→ **What is expected**:
From the line containing "Aquarium optiwhite 300l" down to the last line of the material, output each line exactly as it appears, excluding pictures.

→ **Data section**:
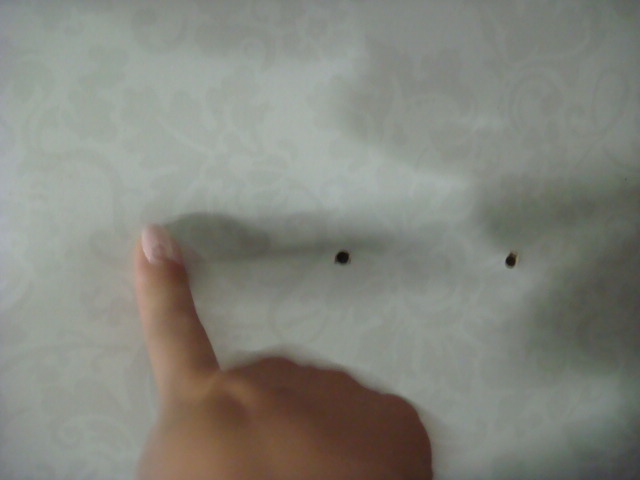 0906092222502c7a23896d3556.jpg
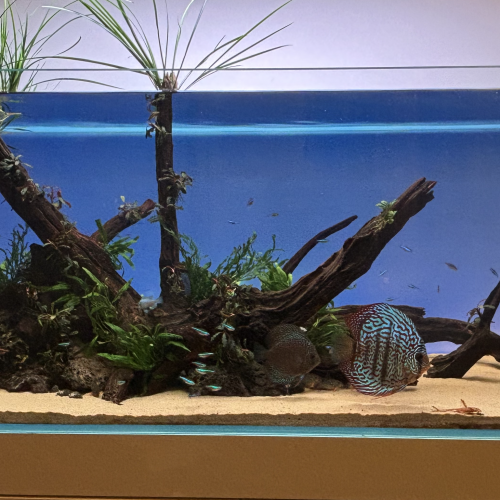 Aquarium optiwhite 300l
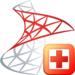 Recovery for SQL Server 截图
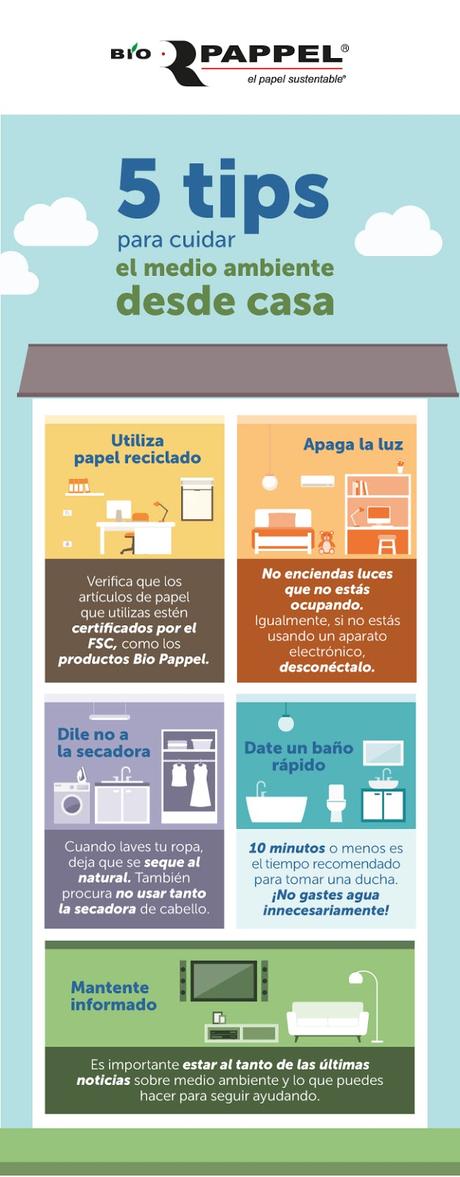 tips ambientales para la casa consejos para cuidar el medio ambiente desde casa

→ **Your response**:
 Aquarium optiwhite 300l
 Recovery for SQL Server 截图
 tips ambientales para la casa consejos para cuidar el medio ambiente desde casa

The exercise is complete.